Notebook title: Introduction to Regression. The k nearest neighbors method

Notebook version: 1.0 (Sep 25, 2015)

Author: Jerónimo Arenas García (jarenas@tsc.uc3m.es)
        Jesús Cid Sueiro (jcid@tsc.uc3m.es)

Changes: v.1.0 - First version
Changes: v.1.1 - Stock dataset included.

Pending changes: Test with other datasets. Try to get more intuitive results for the cross-validation part

In [1]:
# Import some libraries that will be necessary for working with data and displaying plots

# To visualize plots in the notebook
%matplotlib inline 

import matplotlib
import matplotlib.pyplot as plt
import numpy as np
import scipy.io       # To read matlab files
import pylab

1. Introduction to Regression. The $k$ nearest neighbors method

1.1 Introduction to the Estimation and Regression problems

In this session we will introduce the problem of estimating the value of a target variable $s$ from the knowledge of some variables statistically related to it, $x_i,~i=1,\dots,N$. We will collect all these variables in a vector $\bf x$, to which we will refer as pattern or observation vector. The regression problem can be illustrated as follows: The statistical relation between $s$ and $\bf x$ can be given by:

  • A training set, consisting of several observation vectors for which the true target variable is known $\{{\bf x}^{(k)}, s^{(k)}\}_{k=1}^K$
  • The joint distribution $p(s,{\bf x})$

In this session (and also in the course) we mostly focus on the first case above, to which we refer as a machine learning approach (i.e., learning from data)

Designing a classifier is equivalent to designing a function that takes the observation vector as the input argument and outputs the estimated value of the target variable

Cost functions

In practice, once we have build a regressor, it will be used in many experiments, each of them consisting of different values of the target variable and also different observations (even for a common $s$).

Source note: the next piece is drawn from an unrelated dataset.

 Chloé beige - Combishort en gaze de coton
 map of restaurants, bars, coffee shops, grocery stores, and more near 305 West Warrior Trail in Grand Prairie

The real goal of the regression is not to adjust the training set, but to make accurate predictions on future data

This requirement for accurateness implies that we need some way of measuring and penalizing the discrepancy between the true and estimated values of $s$. This is done by defining a cost function, such as:

  • Square error: $c(e) = e^2 = (s - {\hat s})^2$
  • Absolute error: $c(e) = |e| = |s - {\hat s}|$

The above expressions apply to a particular application of the regression model. In practice, we would like to obtain an appropriate average performance, i.e., when averaging over the future applications of the design.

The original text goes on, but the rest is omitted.